The games' planets include different climates and terrains, and are home to many different races and tribes of aliens. There are geographical differences from game to game, but distinctive locations recur, such as Big Blue, Mute City and Port Town. Circuits are usually set on the outskirts of cities or above them situated high in planet atmospheres at an elevation as much as 300 ft above ground. They contain anti-gravitational guide beams on both sides of the course that keep them in place. Rich merchants from cities in the clouds or asteroids with almost uninhabitable environments invested their wealth in the construction of racing circuits. Some cities have multiple circuits—circuits not used for the Grand Prix are open to pilots for practice. The dynamic structure of the courses are colossal in scale, as most circuits feature a single lap that spans over six miles (10 km).
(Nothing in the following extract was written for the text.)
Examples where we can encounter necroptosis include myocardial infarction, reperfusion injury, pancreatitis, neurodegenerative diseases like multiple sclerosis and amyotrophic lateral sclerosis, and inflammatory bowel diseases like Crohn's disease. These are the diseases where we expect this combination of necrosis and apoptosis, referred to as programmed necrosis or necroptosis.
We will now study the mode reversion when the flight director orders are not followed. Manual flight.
The vehicles used to race in these video games are known as "F-Zero machines", which are designed to hover instead of travel on wheels. An anti-gravity unit, known as the "G-Diffuser System" (first used by the Star Fox franchise's Arwing), allows an F-Zero machine to drive at high speeds while retaining a hold of the track, located from a few inches to a foot below it. However, the slip zones, also referred to as the "magnetic field block coat" in the first F-Zero game, blocks the vehicle from retaining a hold on the track. The racing machines developed for these tracks used the latest in this magnetic technology, and are able to perform tune-ups. Out of the over forty-four known machines, only five do not weigh over a short ton. F-Zero machines have a maximum speed exceeding that of sound. This is possible due to the ultra-compact micro-plasma engines used by the machines.
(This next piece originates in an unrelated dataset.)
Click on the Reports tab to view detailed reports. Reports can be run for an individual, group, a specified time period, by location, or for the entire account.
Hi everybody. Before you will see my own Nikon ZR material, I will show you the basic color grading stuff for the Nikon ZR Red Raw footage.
Each machine has four basic performance attributes: body, boost, grip, and weight. Body, boost, and grip are rated on a scale from A to E (A being the best, E, the worst). The higher a machine's Body rating, the more durable it is and the less damage it will sustain in a collision. Machines with a good Body rating are, therefore, able to withstand more attacks before exploding. The Boost rating takes into account the duration of a vehicle's boost, and how great a speed increase it provides. A machine with a high rating can travel at higher than normal speeds for a longer period of time. Grip determines how well a machine negotiates turns. A higher Grip rating means that the player's vehicle will execute steadier turns, while a low one will cause the vehicle to drift more, especially when turning tightly. Weight affects a vehicle's acceleration, grip, cornering ability, maximum speed, and the amount of damage it sustains in a collision. A lighter vehicle is superior in the first three categories, while a heavier vehicle has the advantage in the latter two.

==Plot==
While there were originally four F-Zero pilots in the first game, this has grown with each game to more than 40 characters in the later games of the series. Each character has their own unique vehicle, story and reason for entering the F-Zero Grand Prix, but the most well known character is Captain Falcon. The winner of the Grand Prix receives a huge sum of prize money, but many pilots have been lost pursuing it.
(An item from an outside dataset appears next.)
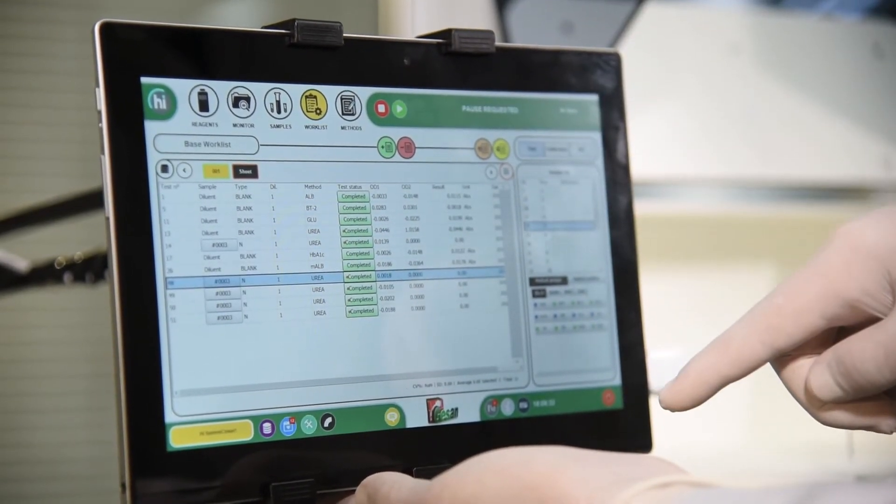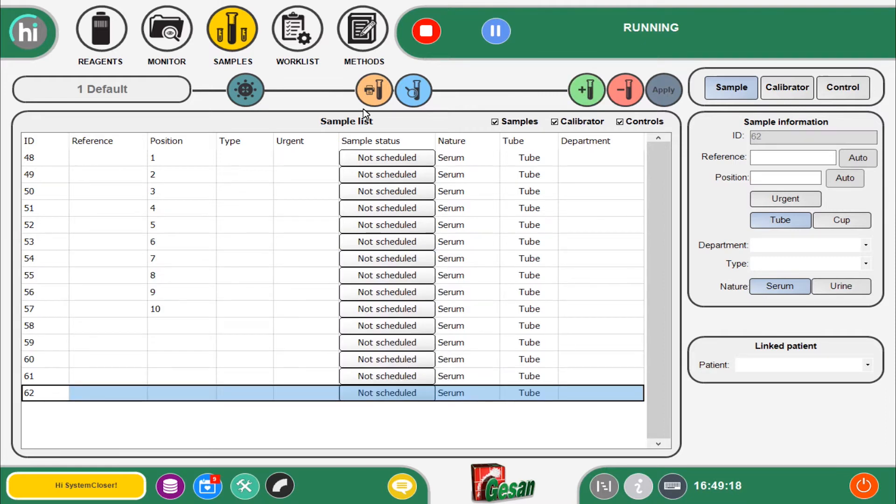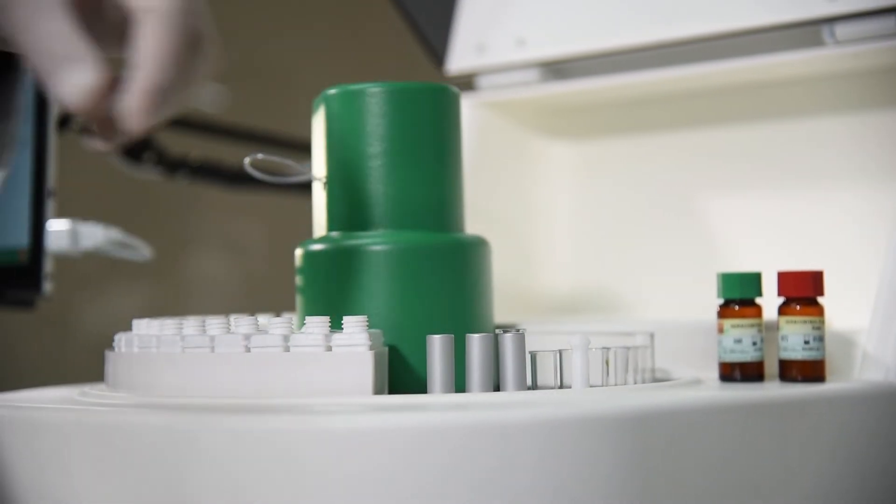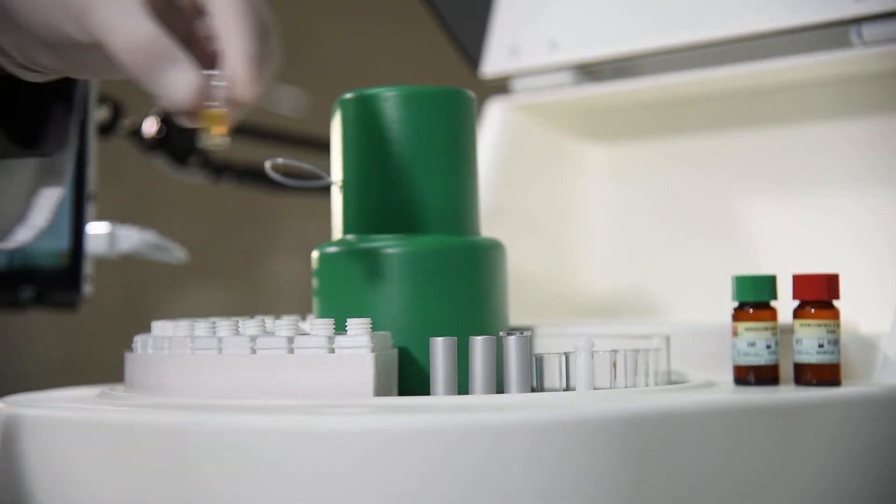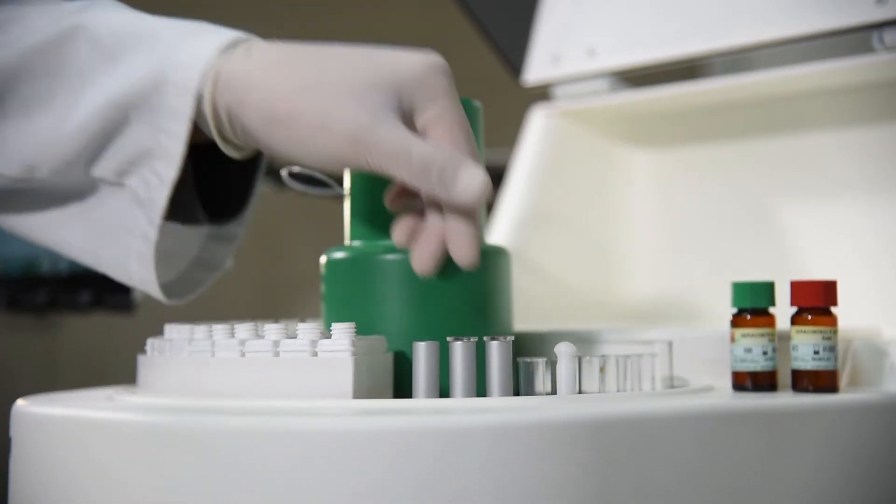The loading of calibrators and controls is easy as well, by recalling the related identification code from the list and adding it on board in any free position of the sample rack.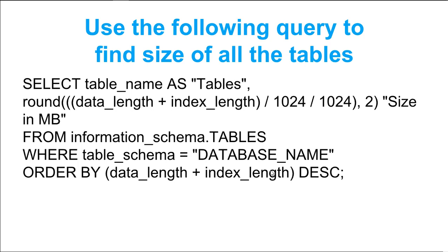You can use the following SQL query to find this particular information. The only thing that you need to do in this query is to change the database name here with the actual database of your MySQL.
The F-Zero games are derived from the 20th and 21st century Formula One races and the fictitious F-Max Grand Prix races from the 24th century. The games portray races in the future as having come under the influence of wealthy ex-space merchants. They thought that a fast and violent race would be an effective way to get people to gamble, so the ex-merchants established the F-Zero Execution Project. The F-Zero Grand Prix dates to the 26th century, and is still sponsored by the wealthy elite who originally organized the Execution Project for those events. These races feature the most technologically advanced racing machines, competing in numerous circuits of fast-paced action. It is known for its wild fans, and usually eccentric competitors. Winners of the Grand Prix receive large sums of money, as well as a great deal of prestige throughout the universe.

The F-Zero games are primarily set on a futuristic Earth in the 26th century, although some games take place much earlier and some circuits have been set on different planets. F-Zero X defined the F-Max Grand Prix as the precursor to the F-Zero races which took place during the 24th century.

F-Zero begins in the year 2560 where the human race's countless encounters with alien life forms throughout the universe greatly expanded Earth's social framework resulting in trade, technology transfer, and cultural interchange are carried out on an interplanetary basis. An association of wealthy space merchants created the "F-Zero Grand Prix", in an attempt to add some excitement to their opulent lifestyles. When the first race was held, people were angered at the brutality of the competition, due to the various obstacles and traps along the raceway. As time passed, however, they became accustomed to these dangers, and even began to demand more excitement and danger in the races. Winning the F-Zero championship soon became the highest claim to fame in the universe. This period of time is called the "old-school" F-Zero days where the rules seemed non-existent in F-Zero X.

F-Zero Xs storyline starts after the seven-year suspension of Grand Prix races due to the Horrific Grand Finale. The game explains the "Horrific Grand Finale" was a violent and fiery accident that burnt fourteen drivers to death, including Sterling LaVaughn during the old days of F-Zero. A racer named Super Arrow escaped unscathed as the only survivor. No racing was allowed by the Federation after the crash; despite the F-Zero racing prohibition, the sport went underground where many racers went to hone their skills in secret. The crash ushered in the establishment of the "F-Zero Racing Academy", after a speech, by Super Arrow to the Federation Congress, which helped to lift the ban. The fictional competition was brought back with the rules and regulations revised.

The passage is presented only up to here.